> Material for the task:

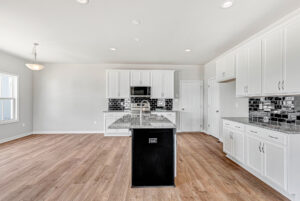 Modern kitchen in Poplar Village, Lot 28—white cabinets, black island, granite counters, and black tile backsplash.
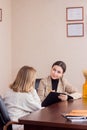 Depressed teenage girl with therapist. Teen crying during psychologist counseling about Bullying in school Royalty Free Stock Photo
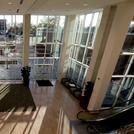 a living room filled with lots of windows next to a wooden floor covered in furniture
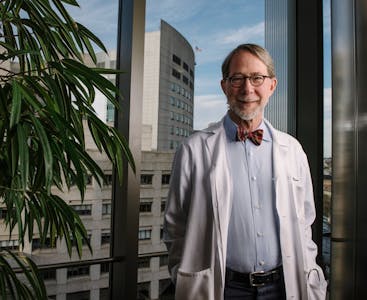Philip Mease smiles in front of a large window while wearing a lab coat and bow tie.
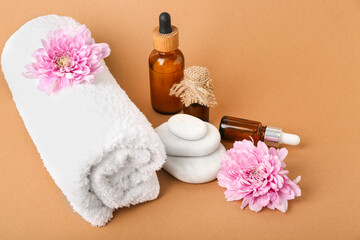 Bottles of floral essential oil, spa stones and towel on brown background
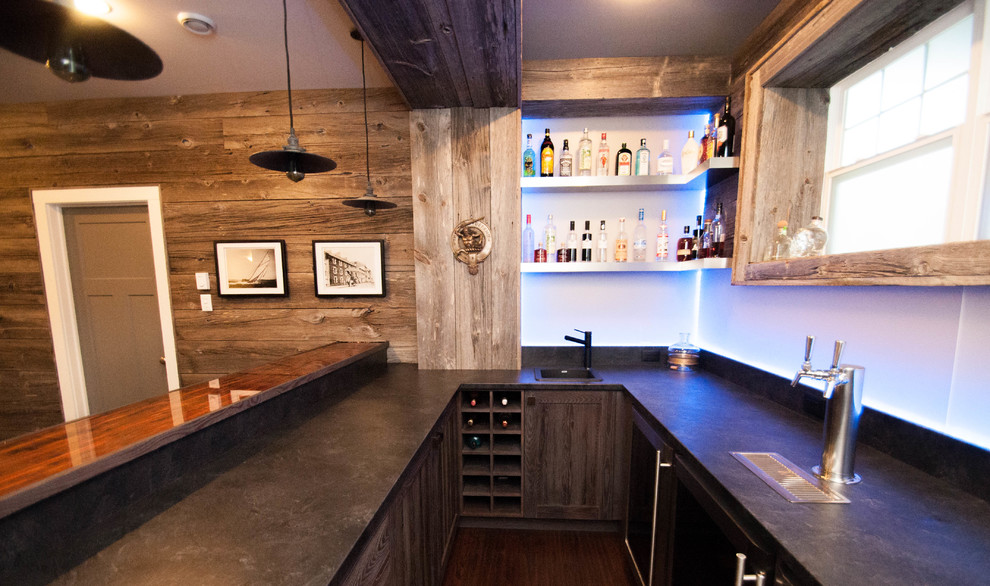 Foto di un grande bancone bar rustico con lavello da incasso, ante in stile shaker, ante in legno chiaro, top in cemento, paraspruzzi blu, paraspruzzi con lastra di vetro, parquet scuro e pavimento marrone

> What is expected: Repeat verbatim all the material, but not the pictures.

> The completed task:
 Modern kitchen in Poplar Village, Lot 28—white cabinets, black island, granite counters, and black tile backsplash.
 Depressed teenage girl with therapist. Teen crying during psychologist counseling about Bullying in school Royalty Free Stock Photo
 a living room filled with lots of windows next to a wooden floor covered in furniture
Philip Mease smiles in front of a large window while wearing a lab coat and bow tie.
 Bottles of floral essential oil, spa stones and towel on brown background
 Foto di un grande bancone bar rustico con lavello da incasso, ante in stile shaker, ante in legno chiaro, top in cemento, paraspruzzi blu, paraspruzzi con lastra di vetro, parquet scuro e pavimento marrone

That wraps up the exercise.